# Drool!! One can but dream



## Alastair (9 Dec 2011)

The possibilities...........

http://www.ebay.co.uk/itm/fishtank-6ft- ... _500wt_922

If only I had room


----------



## danmil3s (9 Dec 2011)

thats been for sale before. guess most people don't have room.


----------



## Tim Harrison (9 Dec 2011)

I've been looking for one of those for ages. I think I'll buy it! The goldfish will really love it.


----------



## MrLarner (9 Dec 2011)

I got a few of the same tank in my bathroom, this its 6 of them i have   
i bloody wish   
imagine the possibilities you have with scaping a tank that size.
and imagine the time it'll take you it plant it or water change


----------



## Morgan Freeman (9 Dec 2011)

400 Cardinals


----------



## Tim Harrison (9 Dec 2011)

Na...bit 'n' bob


----------



## danmil3s (9 Dec 2011)

4 feet front to back, you'd never reach the back.


----------



## Alastair (9 Dec 2011)

400 cardinals easily, imagine the cost of planting the thing. Wow


----------



## spyder (9 Dec 2011)

Strap an outboard motor on one side, that would sort out flow.


----------



## Ian Holdich (9 Dec 2011)

get that fat kid out of it now.


----------



## Quetzalcoatl (9 Dec 2011)

How many pots of HC to carpet that? Answers on a postcard please!


----------



## Alastair (9 Dec 2011)

150 I reckon lol. What would be even harder to guess would be how many hours it would take planting the HC ha ha


----------



## Morgan Freeman (9 Dec 2011)

ianho said:
			
		

> get that fat kid out of it now.



LOL! I shouldn't laugh but I did.


----------



## Quetzalcoatl (9 Dec 2011)

Is that a conservative "Estimate" or your best "Guesstimate" surely there must be a online calculator for this, there seems to be for everything else? I am intrigued as to how many pots you`d actually need??  
Honestly though now, would you have the patience to split that many pots, and plant that many individual plants. Despite our love of the hobby, how much is too much. What would be your breaking point?


----------



## Alastair (9 Dec 2011)

That was just a guesstimate lol. You'd think there would for something like that bit I bet im wayyyy off the mark. I seriously would not have the patience to split it all and plant. I'd just pull them out the pot, take off the wool and plant like that lol. There's no way I'd have that patience. I would however do a free beer night sand invite as many people I could to get stuck in. 
My breaking point would be my back after about 2 hours of planting lol


----------



## Quetzalcoatl (9 Dec 2011)

You`re a forgiving man? NOBODY touches my tank.  
If you offered mates a free beer night to help you plant that tank, I can guarantee by the end of the night they would end up in it, speedos on, cocktails out, full on hot tub stylee!


----------



## Tim Harrison (9 Dec 2011)

> get that fat kid out of it now.



He's part of the deal...they can't afford to feed him any more!


----------



## Alastair (9 Dec 2011)

Quetzalcoatl said:
			
		

> You`re a forgiving man? NOBODY touches my tank.
> If you offered mates a free beer night to help you plant that tank, I can guarantee by the end of the night they would end up in it, speedos on, cocktails out, full on hot tub stylee!

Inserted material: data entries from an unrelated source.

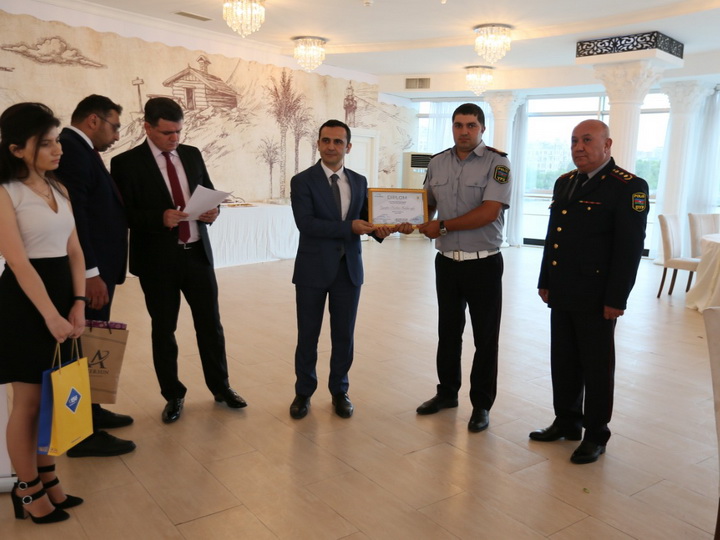 Дорожная полиция Баку наградила примерных водителей и инспекторов – ФОТО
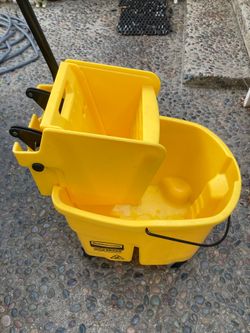 Rubbermaid commercial mop bucket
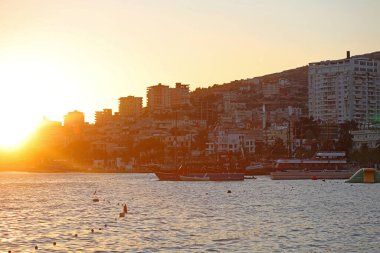 Arnavutluk sahil kenti Sarande yaz seyahatleri arka planda yüksek kaliteli büyük boy baskılar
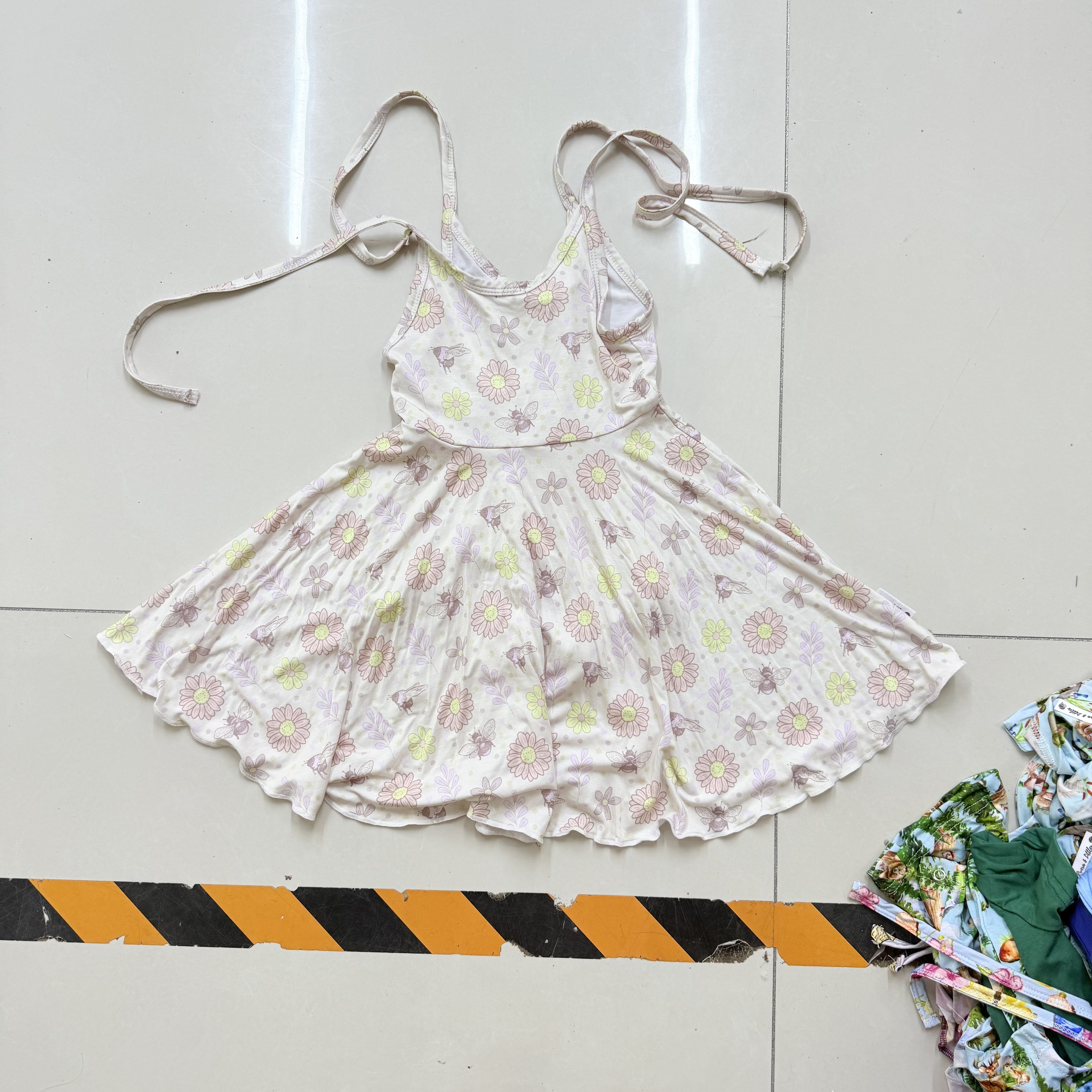 Completo da bambina taglia 15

Ha ha that would be one cloudy tank lol. 

Must admit I only plant myself. Never have help. 



			
				Troi said:
			
		

> > get that fat kid out of it now.
> 
> 
> 
> He's part of the deal...they can't afford to feed him any more!



Ha ha that tickled me


----------



## spyder (10 Dec 2011)

Anyone fancy quoting up for full ADA substrate? I might give this a go...


----------



## idris (10 Dec 2011)

Knowing how hard it is to do anything in my tank I can only think this would be the only way to plant it.


----------



## BigTom (10 Dec 2011)

This would make an awesome Bucket of Mud...


----------



## Alastair (11 Dec 2011)

BigTom said:
			
		

> This would make an awesome Bucket of Mud...

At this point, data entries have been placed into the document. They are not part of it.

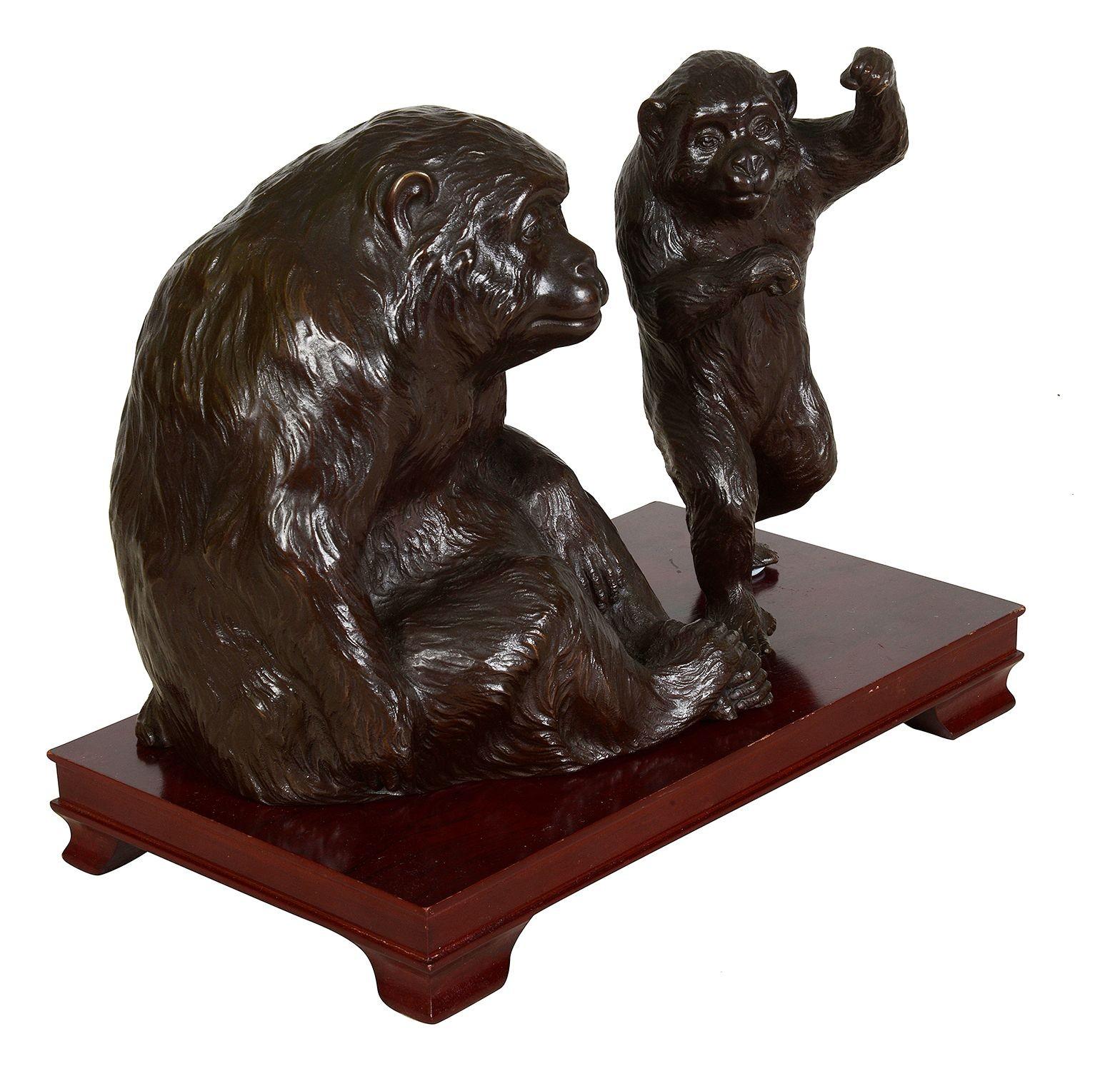 Patiné Singes japonais en bronze de la période Meiji. en vente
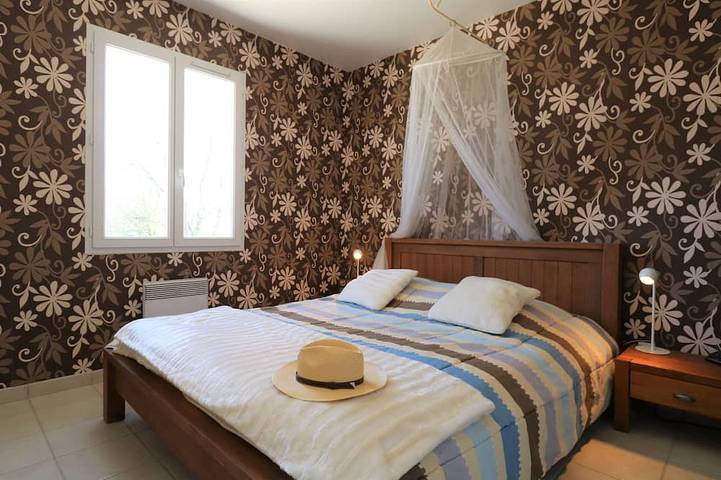 Location de vacances pour 6 personnes, avec terrasse et jardin à Saint-André-d'Allas - 2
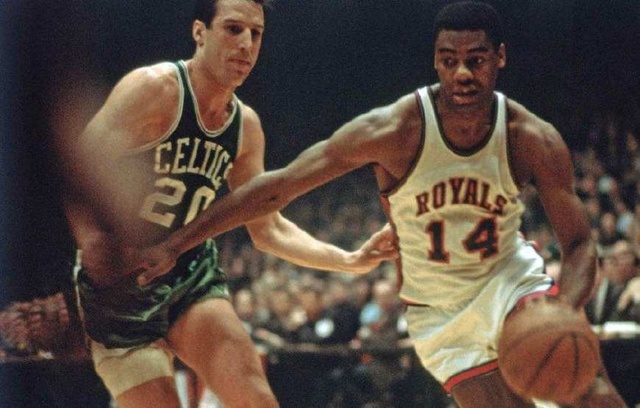 手的竞技需 手的竞技需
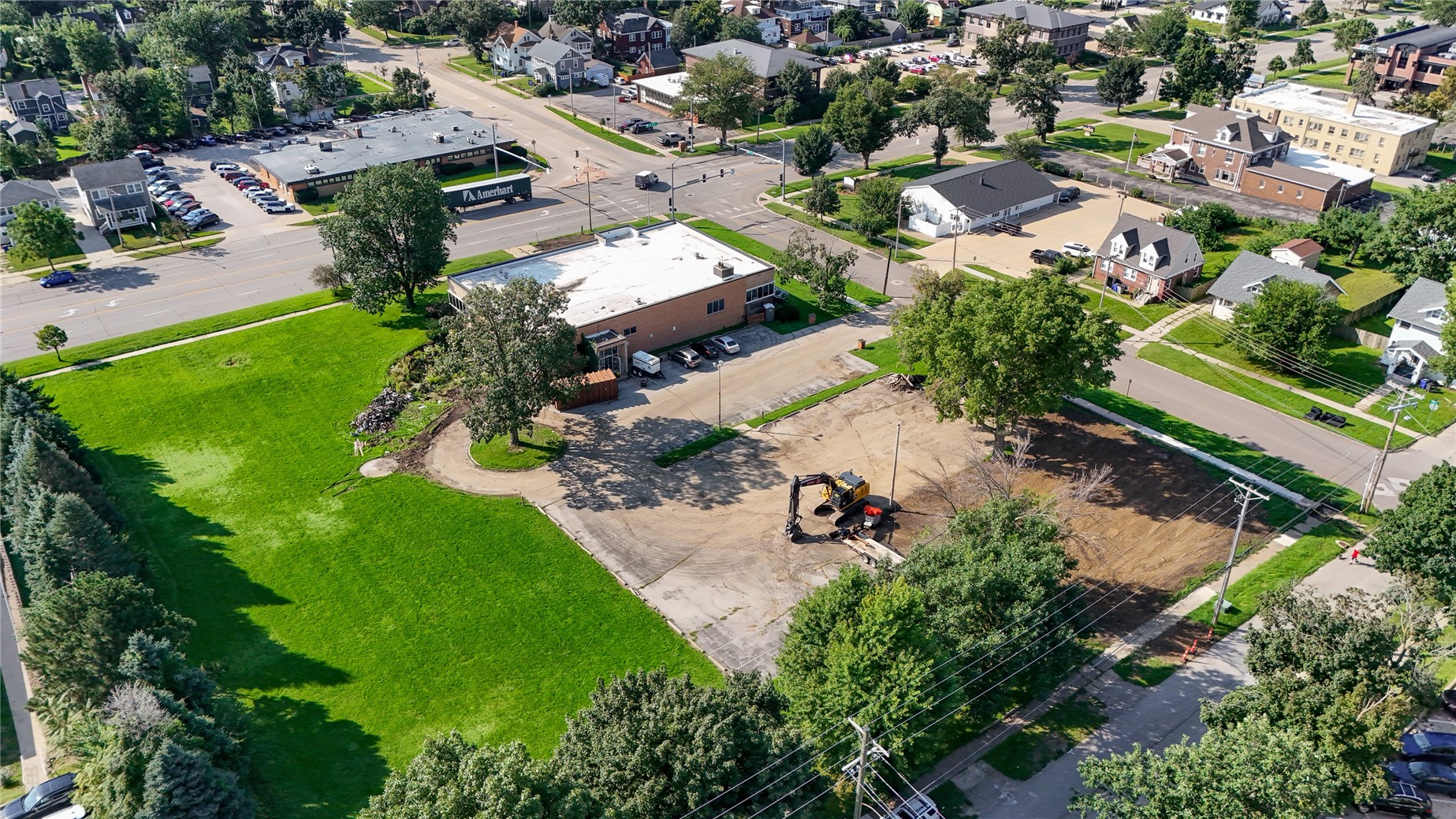 1900 1st Avenue NE Cedar Rapids IA 52402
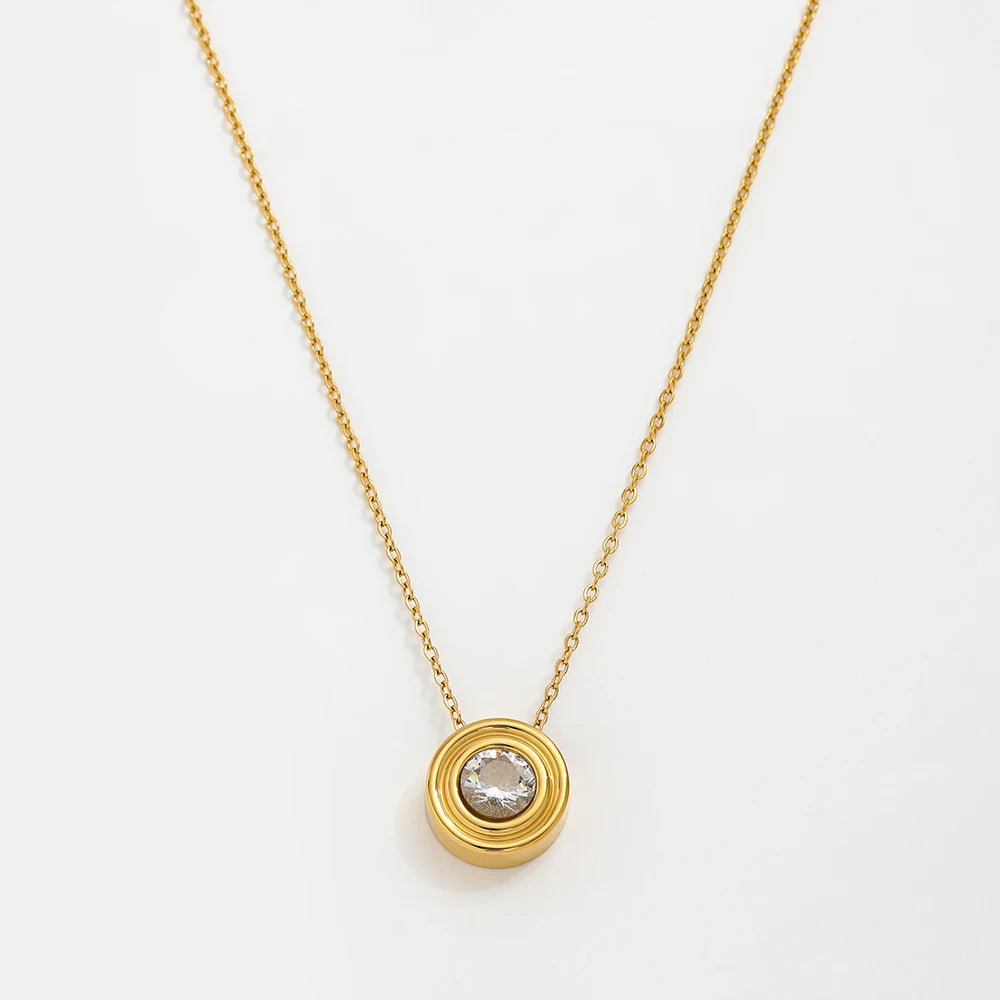 Fenny 18K Gold Plated Tarnish Free Classic Fashion Simple Round Zirconia Pendant Stainless Steel Necklace Jewelry for Wo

Absolutely would. Funny as when I first saw it I pictured your tank straight away.


----------



## mitchelllawson (11 Dec 2011)

Theres a nice christmas present.


----------



## fishfingers (11 Dec 2011)

you must have a huge chimney


----------



## foxfish (11 Dec 2011)

12mm glass!!
 I wonder who recommended that, I would of thought 18mm would of been the minimum required for those dimensions?


----------



## Gill (11 Dec 2011)

Awesome Tank, Reminds me of my 400G from a few years ago. 
And Planting a tank that size is not that expensive if you know where to buy from. When I planted the 400G. I bought from the Malaysian Plant Farms direct and saved alot of money. One thing Iearned with that tank, was to haggle for the display tank plants in an LFS much Cheaper, for big established plants.


----------



## Gill (11 Dec 2011)

foxfish said:
			
		

> 12mm glass!!
> I wonder who recommended that, I would of thought 18mm would of been the minimum required for those dimensions?

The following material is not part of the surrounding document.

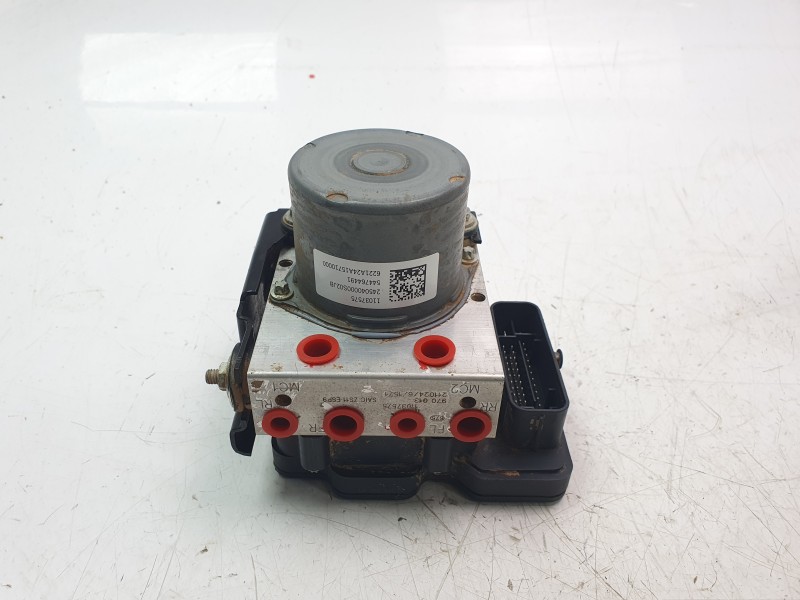Recambio de abs para mg zs luxury referencia OEM IAM 10360004  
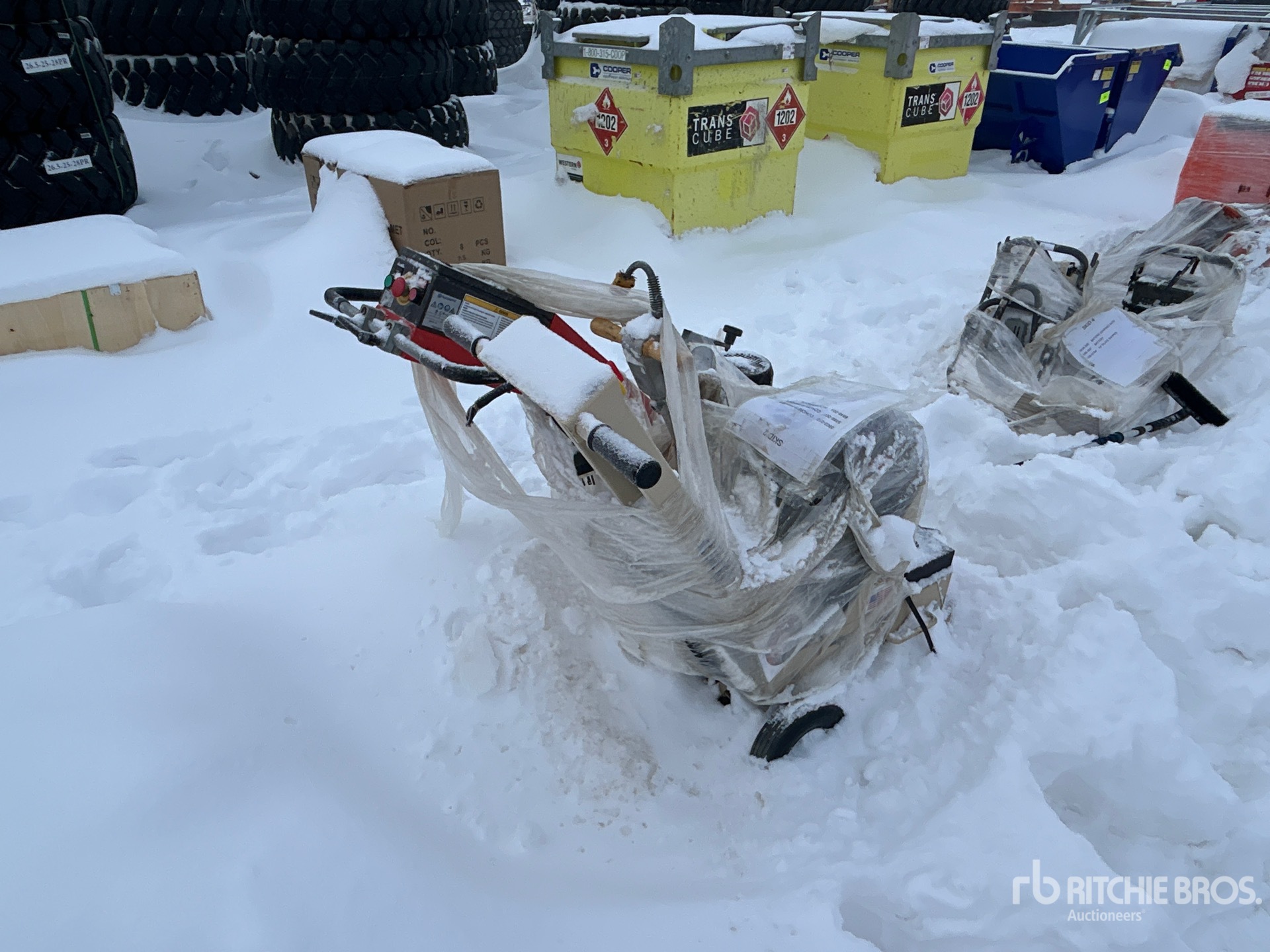 General Appearance with Foto, angolo anteriore sinistro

That would make me nervous, mine was 20mm float.


----------



## BigTom (11 Dec 2011)

Only 2 feet high though, which I believe is what largely governs the pressure, and looks well braced.


----------



## idris (11 Dec 2011)

12mm should be fine for the pressure due to depth. The area for concern would be how much the glass had to flex. You'd want a very stable, very solid, perfectly square base, and probably a floor to match.


----------



## thingymajig (12 Dec 2011)

That holds 1359.21 ltrs
and 1ltr weighs 1kg wonder what the total weight would be with all the subsrate and decor


----------



## MrLarner (12 Dec 2011)

thingymajig said:
			
		

> That holds 1359.21 ltrs
> and 1ltr weighs 1kg wonder what the total weight would be with all the subsrate and decor


You could of mentioned this before, i've ordered 1 of these to have it has a floating tank, basically hanging from the ceiling on small chains.
dam thing.  :?


----------



## vygec (17 Dec 2011)

im thinking a nice arowana would do well in this..


----------



## idris (17 Dec 2011)

Or an arapaima.


----------



## foxfish (17 Dec 2011)

I recon I could keep my wife in there when she misbehaves.


----------



## Alastair (17 Dec 2011)

foxfish said:
			
		

> I recon I could keep my wife in there when she misbehaves.




Lol 


Sent from my iPad using Tapatalk


----------



## Morgan Freeman (19 Dec 2011)

Luciosoma spilopleur Biotope 8)


----------



## kizkiz (19 Dec 2011)

Tanks that size are common enough in the marine world
I once got one for free. Took 4 of us a bloody long time to get it in the van. lol
It sat in my mate's garage until i decided i couldn't afford a house big enough to house it 
Flogged it for about 20 quid on ebay
He's having a serious laugh if he thinks he'll get more than 100-200 for it


----------